Closing Remarks and Need for Science-based Solutions
The recent increase in wildfire acres burning is due to a complex interplay involving human-caused climate change coupled with expansion of homes and roads into fire-adapted ecosystems and decades of industrial-scale logging practices. Policies should be examined that discourage continued residential growth in ecosystems that evolved with fire. The most effective way to protect existing homes is to ensure that they are as insusceptible to burning as possible (e.g., fire resistant building materials, spark arresting vents and rain-gutter guards) and to create defensible space within a 100-foot radius of a structure. Wildland fire policy should fund defensible space, home retrofitting measures and ensure ample personnel are available to discourage and prevent human-caused wildfire ignitions.
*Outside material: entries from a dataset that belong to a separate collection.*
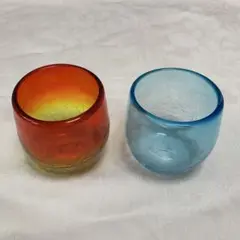 琉球ガラス　オレンジと青のグラス2個セット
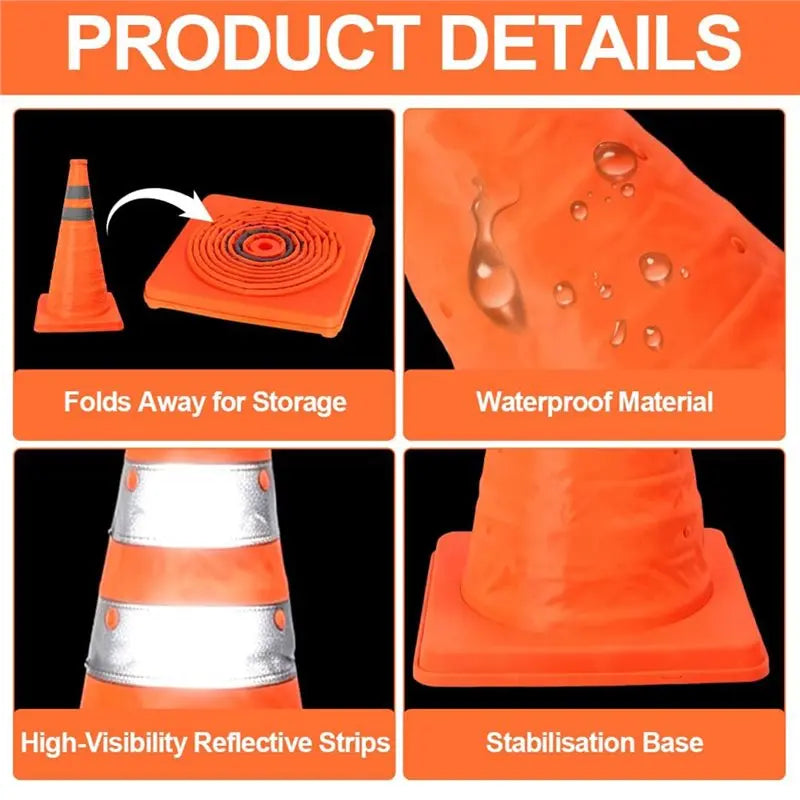 Foldable Traffic Cones 2 Pack – Reflective High Visibility Safety Cones Foldable Safety Cones Babs
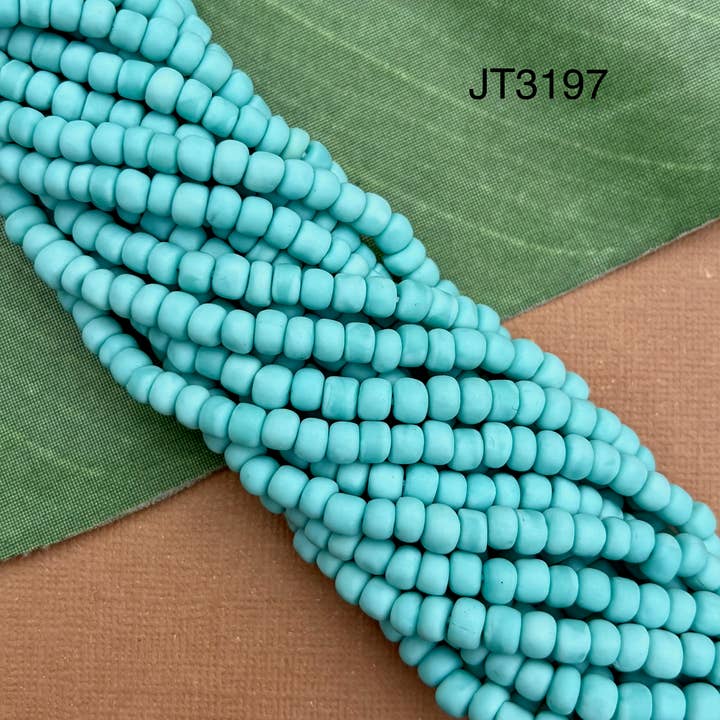 Perline di vetro indonesiane - Azzurro uovo di pettirosso tinta unita, 5 fili per la vendita all'ingrosso da parte di Bead Goes On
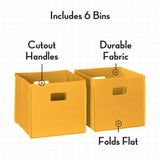 RiverRidge Folding Bins Cube Storage Cubbies, Set of 6 Playroom Organizers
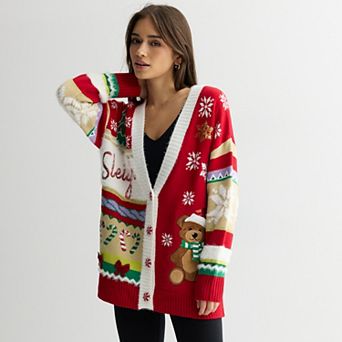 Women's Jollidays Long Sleeve Holiday Cardigan
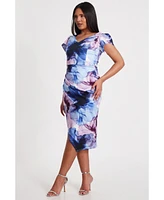 Quiz Women's Scuba Floral Frint Cap Sleeve Midi Bodycon Dress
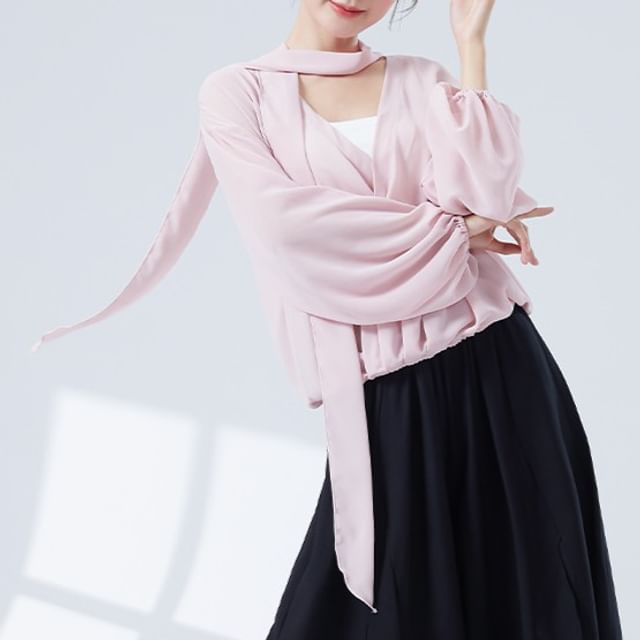 Solid Cropped Tee with V-Neck and Long Sleeves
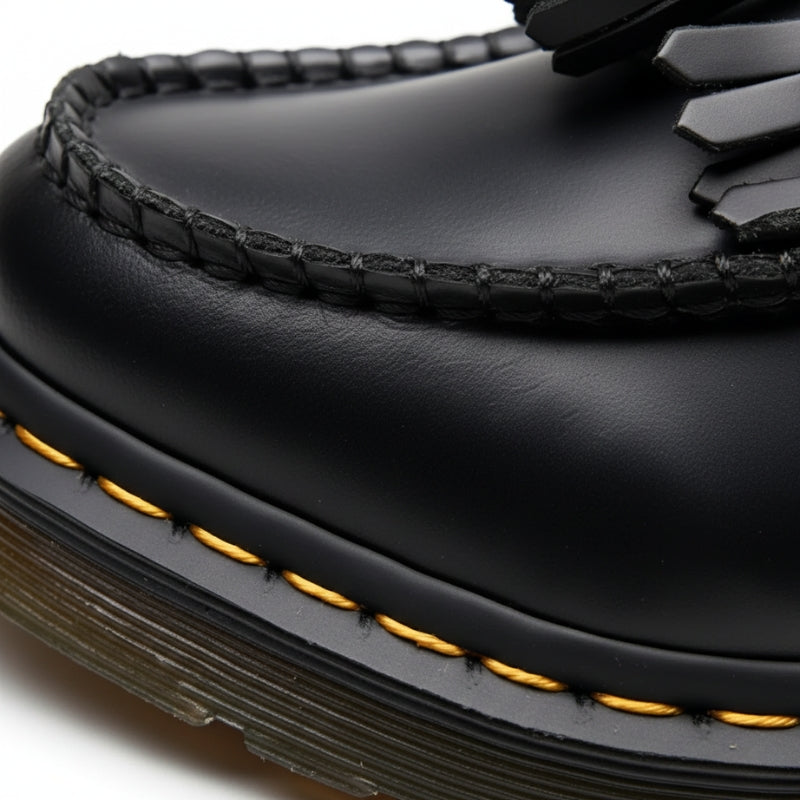 Mocassin En Cuir Véritable Noir À Glands Et Frange Surpiqure Jaune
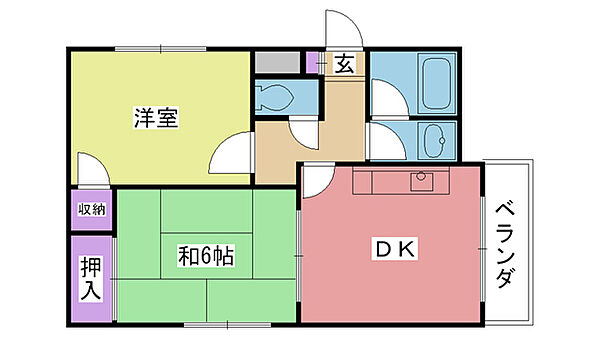 グランディア夙川2 202｜兵庫県西宮市泉町(賃貸マンション2DK・2階・40.00㎡)の写真 その2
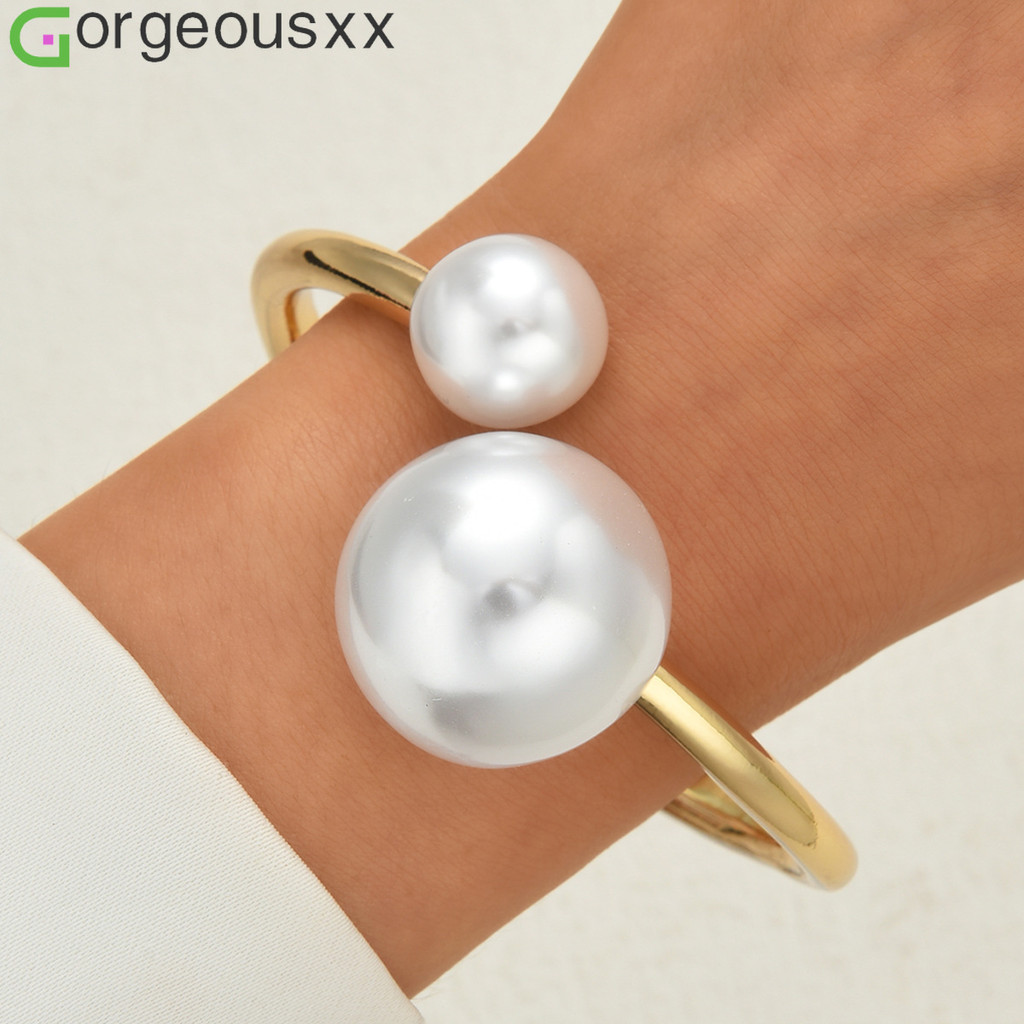 [Gorgeousxx] Pulseira De Pérola Grande Exagerada Para Mulheres Pulseiras De Temperamento Punk Joias Diárias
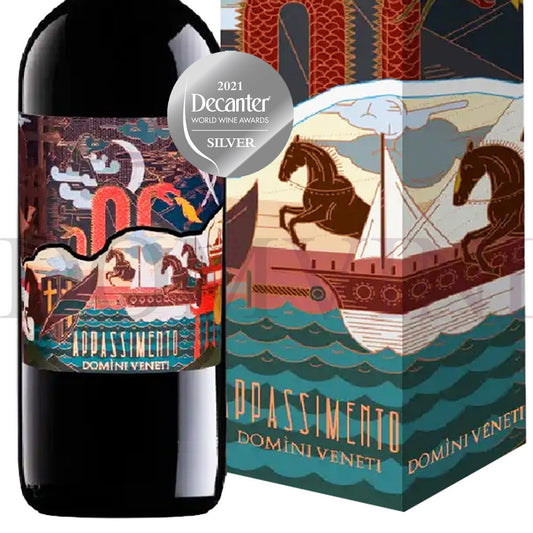 Appassimento Rosso Veneto IGT Passito 2023 (Marco Polo Edition), DOMINI VENETI - Magnum 1,5 Liter mit Geschenkpackung 3er Weinapaket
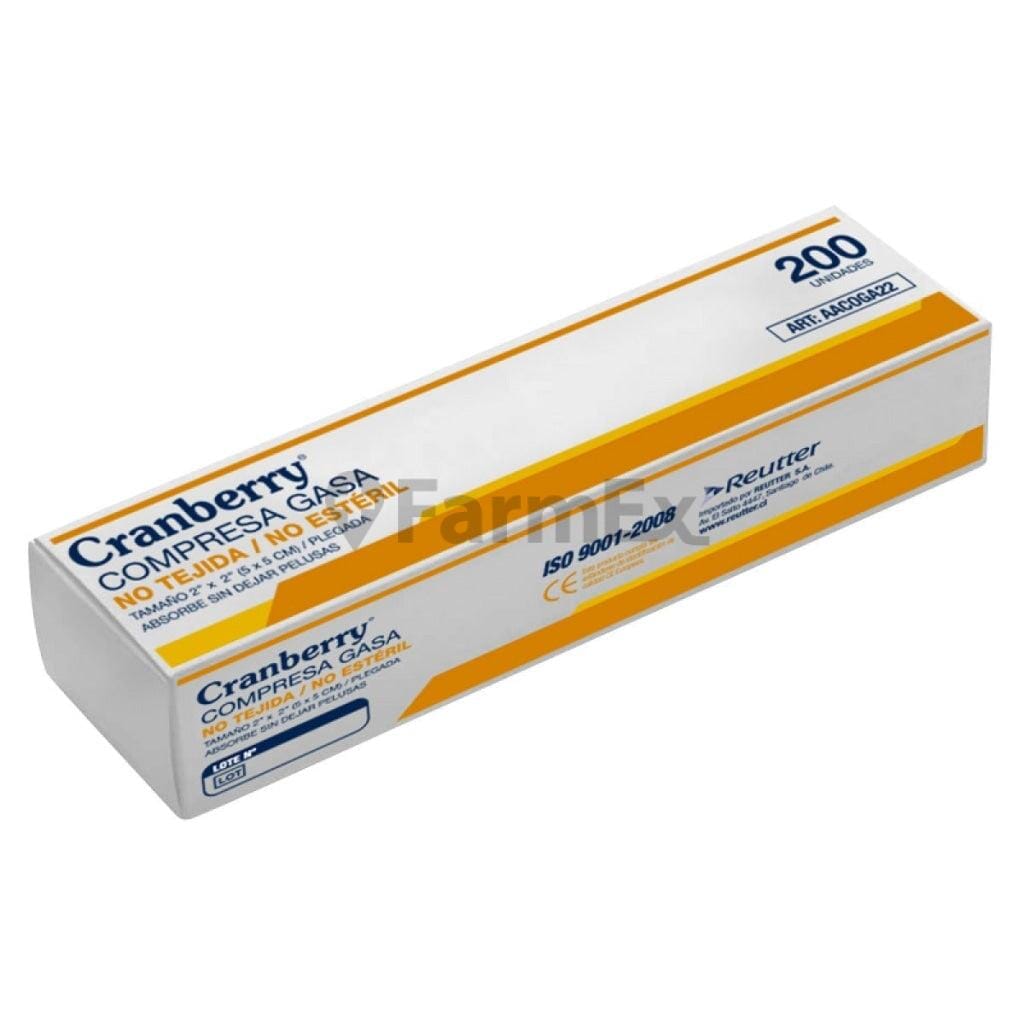 Cranberry Gasa No Tejida 5x5 cm x 200 unidades. Farmex-Fonasa 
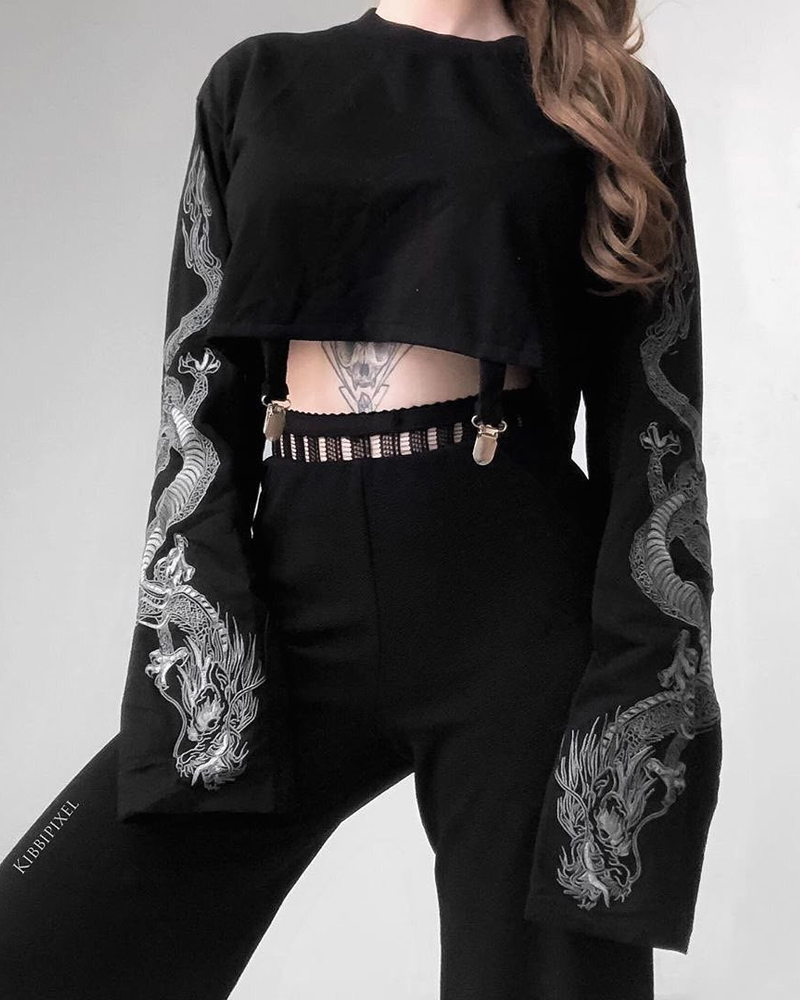 Dragon Long Sleeve Crop Top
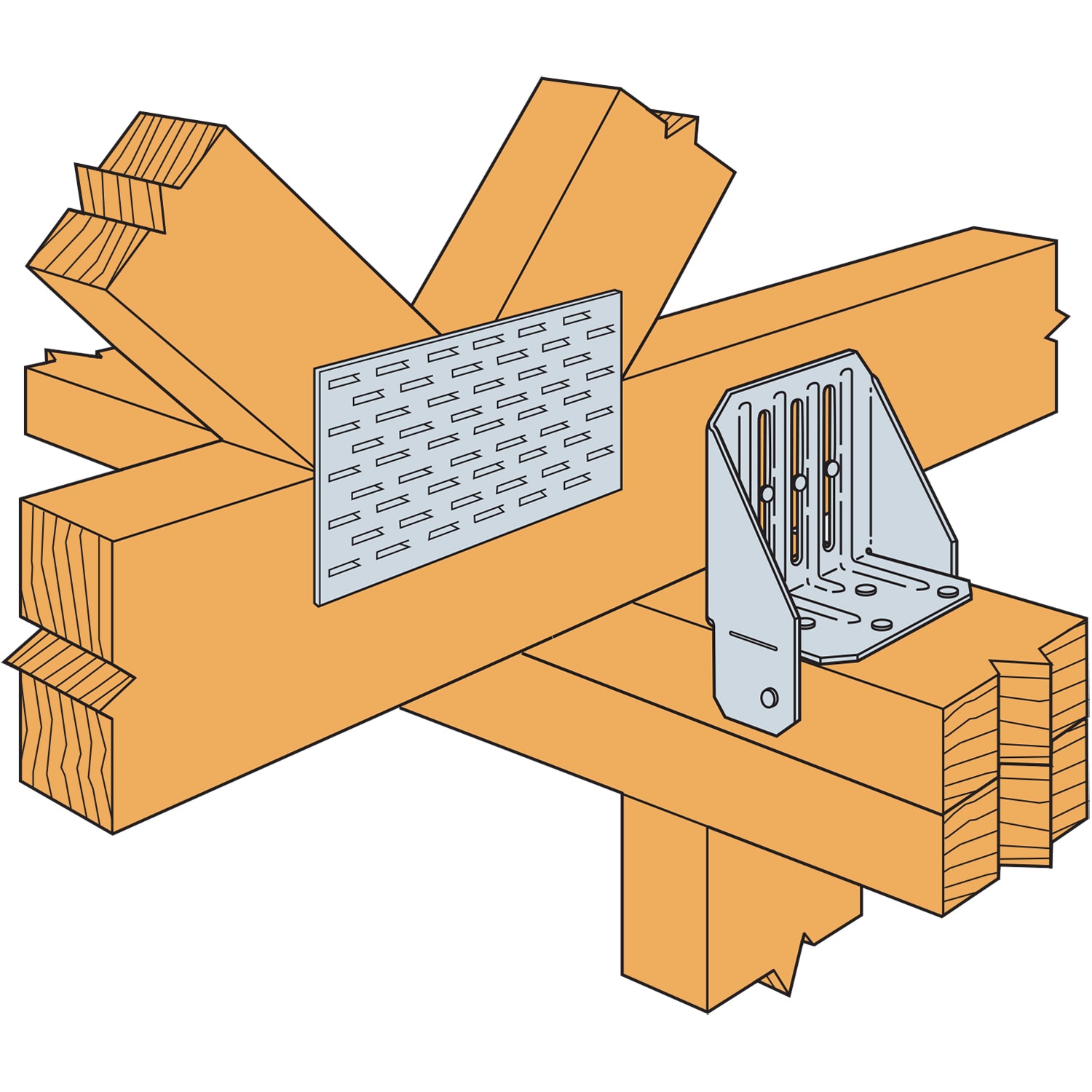 Simpson Strong-Tie 3-5/8-in 18-Gauge Galvanized Steel Roof Truss Tie ...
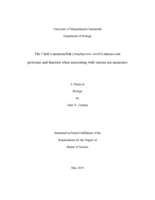 The Clark's anemonefish (Amphiprion clarkii) mucus coat proteome and function when associating with various sea anemones.: a thesis in Biology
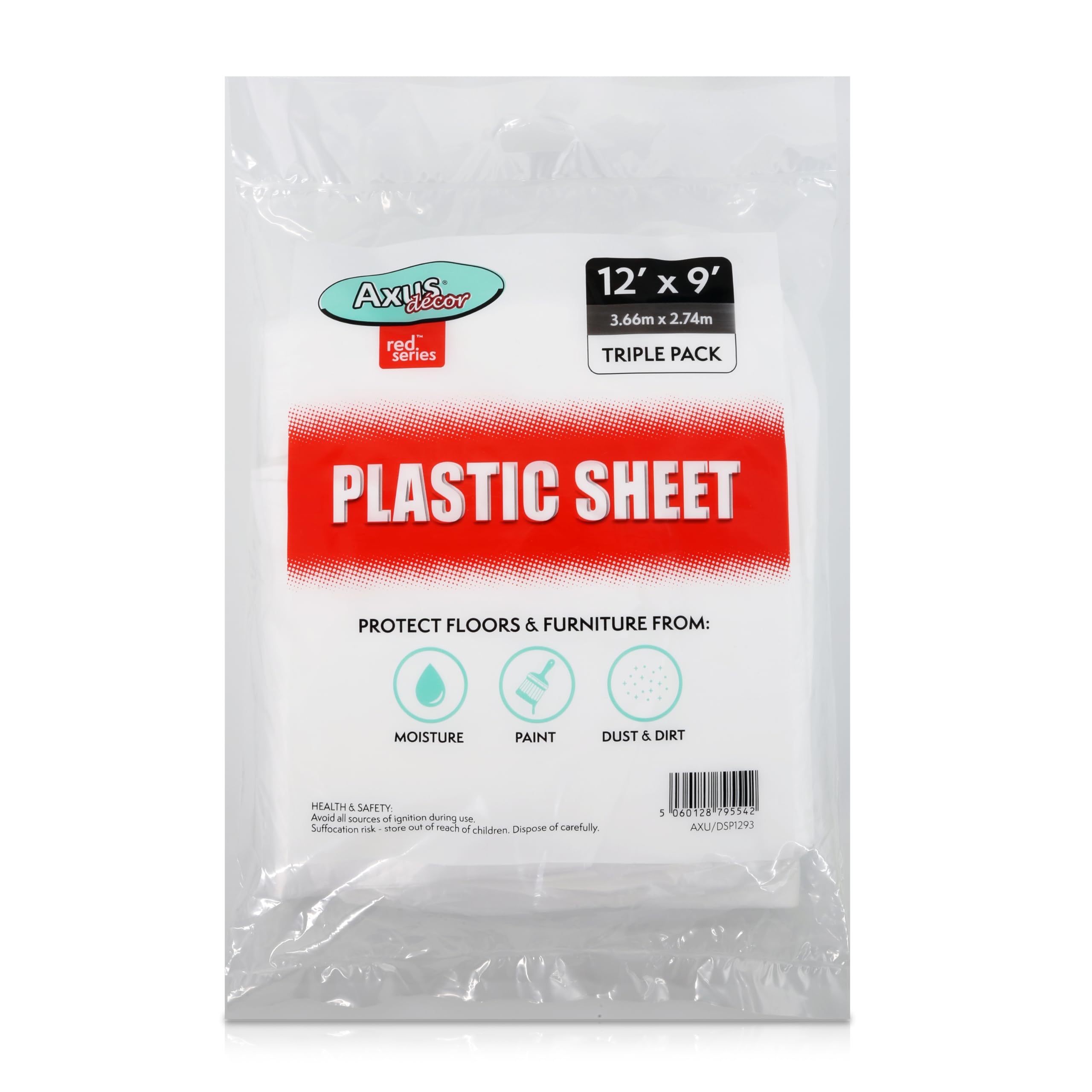 Axus Decor Red Series Plastic Dust Sheet 12' x 9' Triple Pack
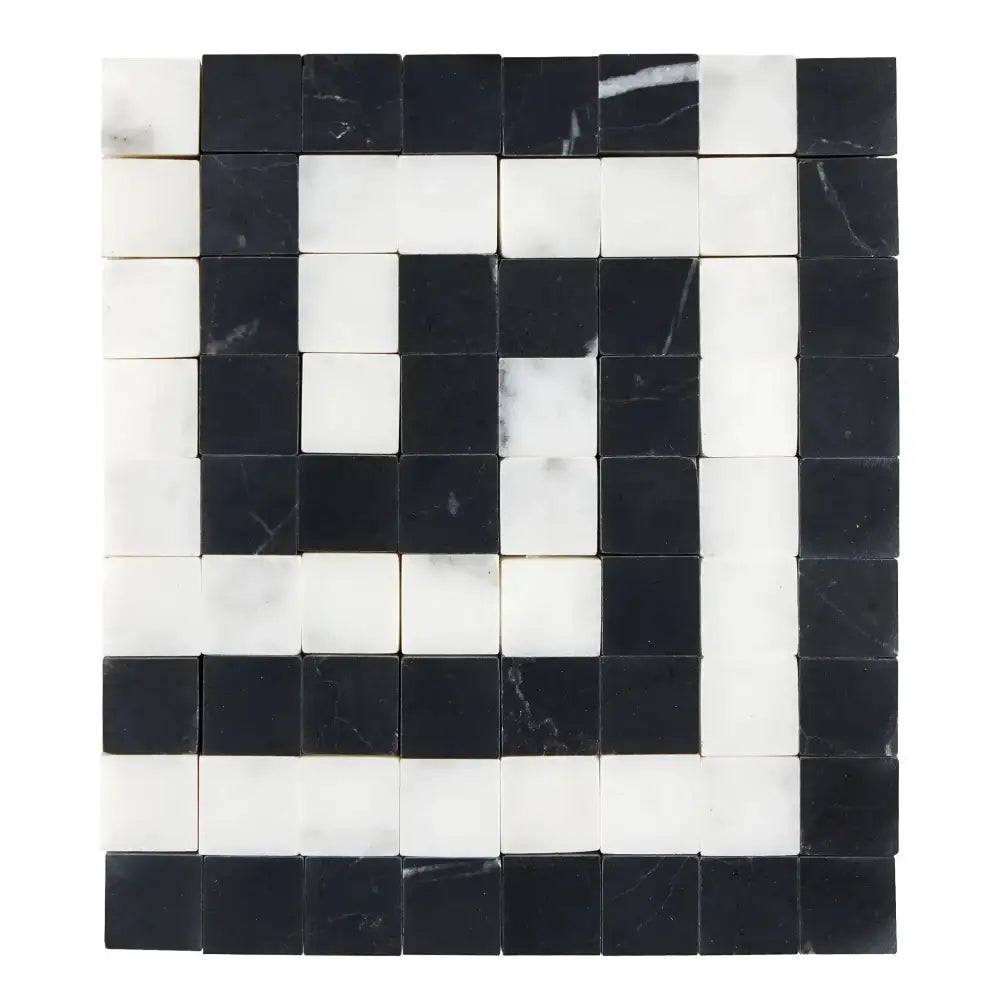 Black and white marble tile mosaic for Carrara White Royale Greek Key Border corner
Ultimately, in order to stabilize and ideally slow global temperature rise, which will increasingly affect how wildfires burn in the future, we also need a comprehensive response to climate change that is based on clean renewable energy and storing more carbon in ecosystems.
Public lands were established for the public good and include most of the nation’s remaining examples of intact ecosystems that provide clean water for millions of Americans, essential wildlife habitat, recreation and economic benefits to rural communities, as well as sequestering vast quantities of carbon. When a fire burns down a home it is tragic; when fire burns in a forest it is natural and essential to the integrity of the ecosystem, while also providing the most cost effective means of reducing fuels over large areas. Though it may seem to laypersons that a post-fire landscape is a catastrophe, numerous studies tell us that even in the patches where fires burn most intensely, the resulting wildlife habitats are among the most biologically diverse in the West.
For these reasons, we urge you to reject misplaced logging proposals that will damage our environment, hinder climate mitigation goals, and will fail to protect communities from wildfire.